Oh my gosh these are sooooo good. I followed the recipe exactly, except I didn’t have buttermilk so I used regular milk, and they are so moist and delicious! I think they could use more rhubarb, but Jim said they are perfect the way they are. The kids loved them, too. I think any fruit would work: apples, pears, plums.

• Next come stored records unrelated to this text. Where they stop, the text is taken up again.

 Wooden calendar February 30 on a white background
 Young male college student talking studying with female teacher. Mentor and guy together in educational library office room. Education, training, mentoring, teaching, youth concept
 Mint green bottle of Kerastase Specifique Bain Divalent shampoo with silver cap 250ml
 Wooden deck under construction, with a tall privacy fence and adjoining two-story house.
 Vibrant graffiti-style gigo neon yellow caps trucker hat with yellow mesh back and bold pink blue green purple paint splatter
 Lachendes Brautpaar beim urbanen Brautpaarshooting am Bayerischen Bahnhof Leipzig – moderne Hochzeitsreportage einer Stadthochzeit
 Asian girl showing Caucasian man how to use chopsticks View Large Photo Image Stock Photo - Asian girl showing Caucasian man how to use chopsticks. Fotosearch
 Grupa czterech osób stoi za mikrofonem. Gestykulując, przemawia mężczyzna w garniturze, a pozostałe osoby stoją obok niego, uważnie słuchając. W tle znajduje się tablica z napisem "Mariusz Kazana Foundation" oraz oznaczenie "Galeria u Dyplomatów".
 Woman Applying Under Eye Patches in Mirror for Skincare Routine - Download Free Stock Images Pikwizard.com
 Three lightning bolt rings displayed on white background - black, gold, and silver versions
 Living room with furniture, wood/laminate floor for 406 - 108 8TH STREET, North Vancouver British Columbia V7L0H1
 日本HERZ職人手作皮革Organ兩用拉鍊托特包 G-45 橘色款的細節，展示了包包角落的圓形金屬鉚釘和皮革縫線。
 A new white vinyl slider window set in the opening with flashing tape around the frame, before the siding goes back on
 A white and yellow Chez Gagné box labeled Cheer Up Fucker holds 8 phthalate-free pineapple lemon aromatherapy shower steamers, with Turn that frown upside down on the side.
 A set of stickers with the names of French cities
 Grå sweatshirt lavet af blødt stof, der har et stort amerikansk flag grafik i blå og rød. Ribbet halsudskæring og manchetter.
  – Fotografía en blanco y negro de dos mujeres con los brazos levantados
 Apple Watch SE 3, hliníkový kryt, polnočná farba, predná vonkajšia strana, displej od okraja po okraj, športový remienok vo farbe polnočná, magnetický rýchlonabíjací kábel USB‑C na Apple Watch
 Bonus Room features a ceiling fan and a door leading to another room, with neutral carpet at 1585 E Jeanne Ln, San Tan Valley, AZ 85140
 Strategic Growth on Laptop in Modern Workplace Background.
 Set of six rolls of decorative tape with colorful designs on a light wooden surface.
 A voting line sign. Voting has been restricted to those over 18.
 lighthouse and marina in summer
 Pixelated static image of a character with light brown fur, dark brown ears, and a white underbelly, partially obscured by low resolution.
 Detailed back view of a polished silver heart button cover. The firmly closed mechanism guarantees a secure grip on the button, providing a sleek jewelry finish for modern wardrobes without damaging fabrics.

It’s kind of like an apple crisp flavored muffin (‘cept with rhubarb).
Cinnamon Rhubarb Muffins
INGREDIENTS:
2 1/2 cups all-purpose flour
1 1/2 cups packed brown sugar
1 teaspoon salt
1 teaspoon baking soda
1 teaspoon ground cinnamon
1 egg, lightly beaten
1 cup buttermilk (or regular milk is fine)
2/3 cup vegetable oil
1 teaspoon vanilla extract
2 cups finely chopped rhubarb
TOPPING:
1/2 cup sugar
2 tablespoons butter or margarine, melted
2 teaspoons ground cinnamon
In a large bowl, combine the first five ingredients.
Combine egg, buttermilk, oil and vanilla; stir into dry ingredients just until moistened. Fold in rhubarb.
Fill greased or paper-lined muffins cups about half full.
Combine topping ingredients; sprinkle over each muffin.
Bake at 375 degrees F for 16-18 minutes or until muffins test done.